To complete this course successfully, you will require access to Microsoft Excel software (2010 or later) to go through worked examples and to complete several of the assignments. You should have basic Excel skills such as inputting and working with data and presenting data in charts. If you have any questions, contact the course coordinator.
Overview
MATH 481 is designed to provide a foundation in mathematical modeling, with an emphasis on numerical methods and simulation modeling. You will learn a variety of modeling approaches with applications in physical sciences, social sciences, finance, medicine, and business. The course examines both observational and explanatory models, though the emphasis is on the latter. Topics include stochastic modeling approaches such as Monte Carlo simulations and discrete-event simulation, as well as deterministic approaches, focusing on the use of numerical methods to simulate systems modeled using ordinary differential equations and partial differential equations. We will also introduce the concepts of optimization and learn how to pose and solve optimization problems via various modeling approaches.

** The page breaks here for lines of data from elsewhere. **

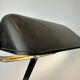 Original Erpé notary lamp – model 52 – Bakelite and cast iron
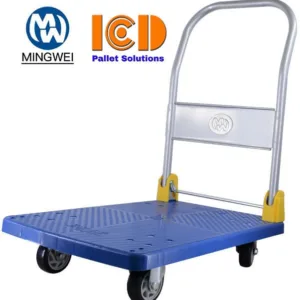 xe-đẩy-sàn-nhựa-ICD-Việt-Nam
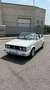 Volkswagen Golf Cabriolet 1.8 GLI/Quartet - thumbnail 3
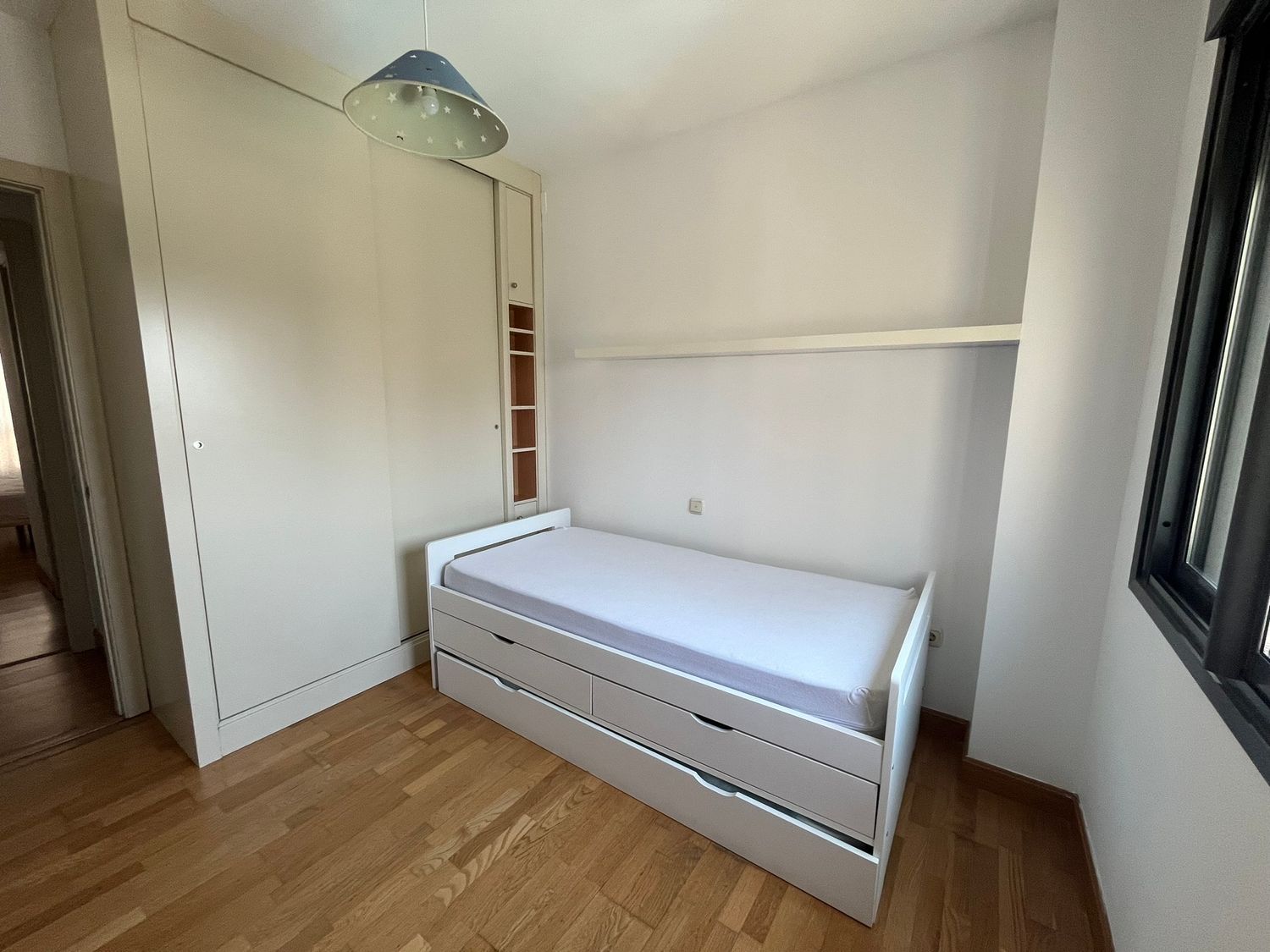 Piso en avenida Concejal Alberto Jiménez-Becerril, 26 - Foto 19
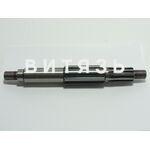 Вал раздатки 72-1802063 МТЗ /аналог/ - Магазин Витязь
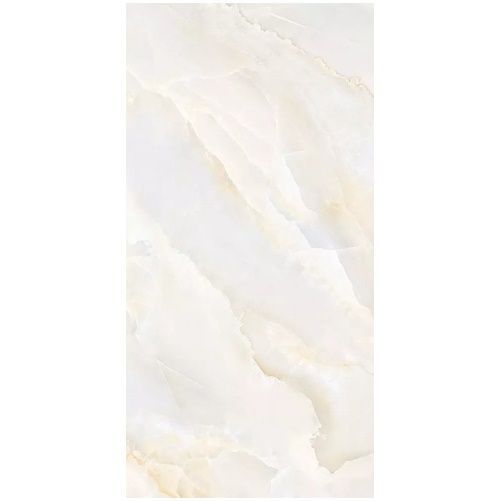 Плитка керамогранит Onyx Peach полированный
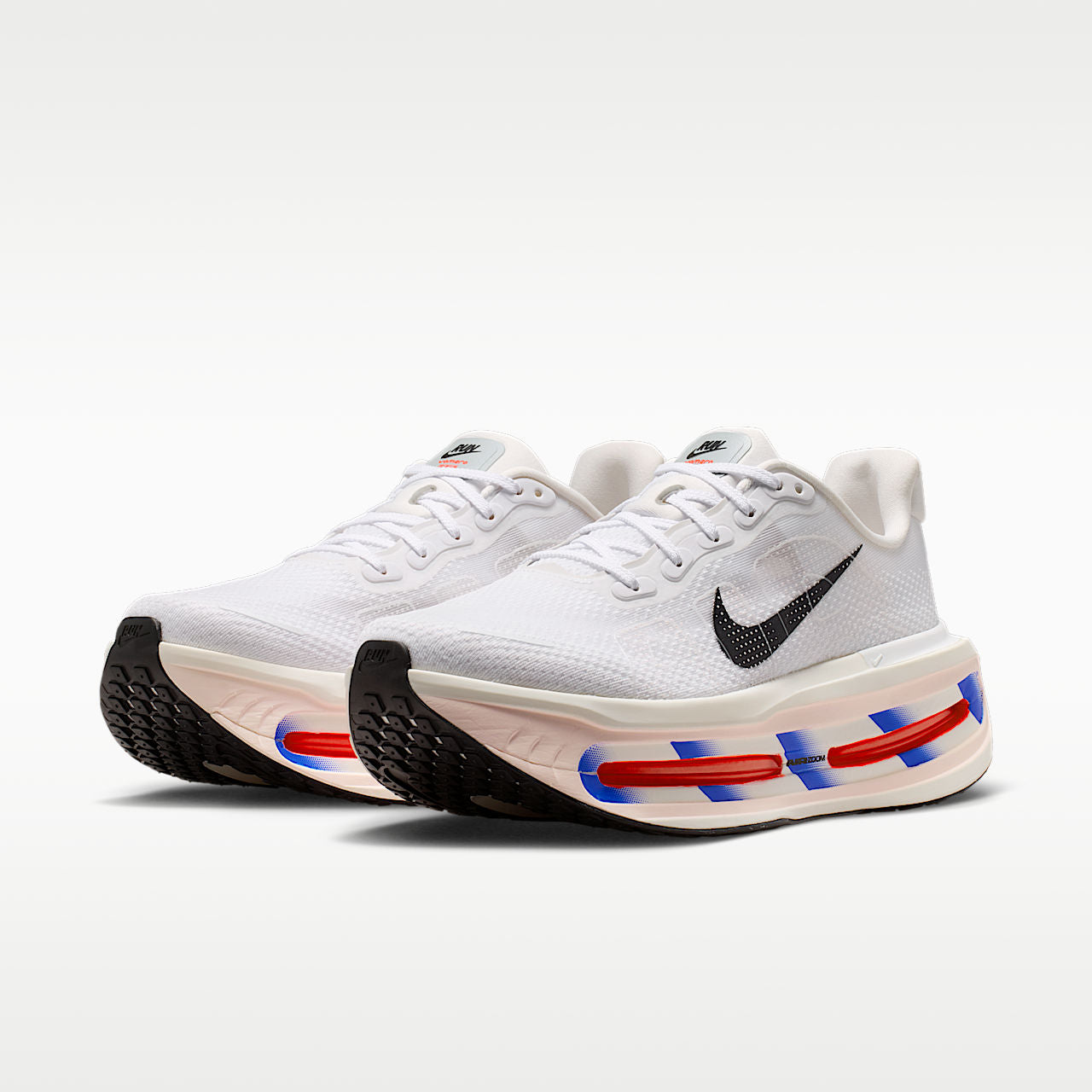Nike Vomero Premium Men's Road Running Shoes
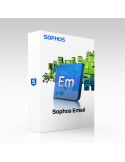 Sophos Central Email Advanced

In this course, you will have the opportunity to build both analytic and simulation models yourself. Each course topic is broken into two sections. The first focuses on the theory behind the modeling approach, including methods for analyzing the model. The second section focuses on numerical methods and development of simulation models. Here, you will use Microsoft Excel to build and implement models.
Outline
Unit 1: Basic Principles and the Process of Mathematical Modeling Revisited
Unit 2: Empirical Models
Unit 3: Deterministic Systems – Simulation and Numerical Methods
Unit 4: Probabilistic Systems – Simulation Modeling
Unit 5: Optimization
Learning outcomes
Upon successful completion of this course, you should be able to
differentiate between types of mathematical models, including
empirical versus theoretical models,
static versus dynamic models, and
stochastic versus deterministic models.
model deterministic dynamical systems using appropriate techniques (e.g., ordinary differential equations and partial differential equations) and numerical methods (e.g., Euler, Runge–Kutta, and finite difference).
model stochastic dynamical systems using Markov chains and discrete-event simulation.
model optimization problems using linear programming models, state and apply the fundamental duality theorem, and analyze the models with and without computer software.
Evaluation
To receive credit for MATH 481, you must achieve an overall grade of at least D (50 percent), which is a composite of the grades you achieve on the five assignments.
The weighting of the composite grade is as follows:
Activity
Weight
Assignment 1
10%
Assignment 2
15%
Assignment 3
25%
Assignment 4
25%
Assignment 5
25%
Total
100%
To learn more about assignments and examinations, please refer to Athabasca University’s online Calendar.
Materials
Giordano, F. R., Fox, W. P., & Horton, S. B. (2014.) A first course in mathematical modeling (5th ed.). Brooks/Cole. (eText)
Athabasca University reserves the right to amend course outlines occasionally and without notice. Courses offered by other delivery methods may vary from their individualized study counterparts.